Essa questão, nos últimos dias, tem ocupado espaço e ganhou ampla repercussão na imprensa brasileira, por conta da retomada do julgamento da Ação Direta de Inconstitucionalidade- ADIN 1.265 pelo Supremo Tribunal Federal (STF).
Essa ADIN, diga-se de passagem, não é nova. O processo foi iniciado em 1997 pela Confederação Nacional dos Trabalhadores na Agricultura (Contag) e pela Central Única dos Trabalhadores (CUT).
O objeto da demanda é a invalidação de um decreto (nº 2.100/1996), por meio do qual o então presidente da República, Fernando Henrique Cardoso rompeu com uma convenção do Brasil junto à Organização Internacional do Trabalho, a OIT, um braço das Nações Unidas (ONU) que funciona em sistema tripartite, onde governos, trabalhadores e empregadores são representados nela, com o objetivo de buscar e criar padrões internacionais para princípios e regras trabalhistas.
Um dos instrumentos de atuação da OIT é a celebração de convenções e uma delas é a de nº 158, que no ano passado completou 40 anos de existência. Ela foi aprovada em 1982, na 68ª reunião da Conferência Internacional do Trabalho, em Genebra, na Suíça.
O objeto dessa convenção internacional é o tratamento do término da relação de trabalho por iniciativa do empregador. Ela foi ratificada no Brasil e promulgada em abril de 1996, porém, pouco mais de 08 (oito) meses depois de sua ratificação, foi denunciada pelo decreto do ex-presidente FHC.
Em 1997, veio a Ação que discute a constitucionalidade desta denúncia, pois nos termos do artigo 49, I, da Constituição Federal, a denúncia de um tratado internacional (que culmina com sua exclusão do ordenamento interno) após determinado prazo está subordinada à participação do Congresso Nacional.
Esse breve histórico é para que se tenha uma ideia de como o fato se iniciou e quais são os seus desdobramentos e possíveis consequências. Aliás, é o que muita gente quer saber, sobretudo, os empresários, os empregadores. Afinal, seria o fim das demissões sem justa causa?
Análise da questão
O escritório de advocacia Gonçalves & Ventura, especializado nessa área, através dos advogados Augusto Ventura, Samuel Martins Gonçalves, Rodrigo Gonçalves Montalvão e Karla Gardene Oliveira de Souza, fez uma análise detalhada da questão, com o objetivo de jogar luz sobre a polêmica e, mais do que isso, tranquilizar o setor produtivo.

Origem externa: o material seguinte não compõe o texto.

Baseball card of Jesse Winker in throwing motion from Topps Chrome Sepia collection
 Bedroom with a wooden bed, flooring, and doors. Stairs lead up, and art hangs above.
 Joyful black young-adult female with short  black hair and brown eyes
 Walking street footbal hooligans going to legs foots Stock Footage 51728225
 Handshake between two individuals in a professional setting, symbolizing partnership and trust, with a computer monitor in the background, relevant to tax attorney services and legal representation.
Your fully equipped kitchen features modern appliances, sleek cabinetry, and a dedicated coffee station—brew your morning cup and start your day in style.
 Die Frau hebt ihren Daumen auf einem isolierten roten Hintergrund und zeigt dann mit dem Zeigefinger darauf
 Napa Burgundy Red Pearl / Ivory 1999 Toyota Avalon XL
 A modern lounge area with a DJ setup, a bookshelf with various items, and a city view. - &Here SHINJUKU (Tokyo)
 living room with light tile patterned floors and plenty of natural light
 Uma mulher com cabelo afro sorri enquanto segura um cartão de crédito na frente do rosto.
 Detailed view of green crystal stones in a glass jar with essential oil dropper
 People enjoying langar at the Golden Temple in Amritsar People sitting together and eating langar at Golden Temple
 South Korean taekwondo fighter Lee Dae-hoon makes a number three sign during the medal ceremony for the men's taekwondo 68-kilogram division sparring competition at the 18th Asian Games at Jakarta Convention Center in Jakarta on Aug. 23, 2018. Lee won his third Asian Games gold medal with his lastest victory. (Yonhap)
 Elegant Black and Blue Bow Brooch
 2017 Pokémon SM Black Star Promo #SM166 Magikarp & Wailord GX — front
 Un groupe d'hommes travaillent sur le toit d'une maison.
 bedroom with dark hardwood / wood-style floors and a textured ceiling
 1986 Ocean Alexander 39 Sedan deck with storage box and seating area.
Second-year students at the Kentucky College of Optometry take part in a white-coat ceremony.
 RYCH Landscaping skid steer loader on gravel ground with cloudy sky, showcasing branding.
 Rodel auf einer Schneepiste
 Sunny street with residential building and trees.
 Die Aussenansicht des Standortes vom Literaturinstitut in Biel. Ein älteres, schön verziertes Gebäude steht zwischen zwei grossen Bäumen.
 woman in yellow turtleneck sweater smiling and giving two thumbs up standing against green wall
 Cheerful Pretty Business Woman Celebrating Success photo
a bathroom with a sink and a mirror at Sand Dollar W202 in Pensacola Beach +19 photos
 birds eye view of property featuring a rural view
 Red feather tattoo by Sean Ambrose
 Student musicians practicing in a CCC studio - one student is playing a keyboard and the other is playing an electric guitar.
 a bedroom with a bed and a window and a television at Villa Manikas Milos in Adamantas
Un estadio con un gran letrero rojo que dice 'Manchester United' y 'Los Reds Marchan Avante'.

A tese trazida pelos operadores do Direito tem uma relevância grande, porque o fato, em si, é observado por vários ângulos. Um deles e, talvez, o mais esclarecedor de todos, é que por trás de tantas interpretações e polêmicas, está relacionado ao trato linguístico.
“A reincorporação da Convenção nº. 158 ao ordenamento brasileiro não significa, em absoluto, que os empregadores do país não poderão promover dispensas sem justa causa. E as razões são várias, mas nos concentraremos em duas: a questão do conteúdo da convenção e da atual sistemática brasileira pertinente ao assunto e questões procedimentais, relativas à sua aplicabilidade e eficácia”, destaca o estudo.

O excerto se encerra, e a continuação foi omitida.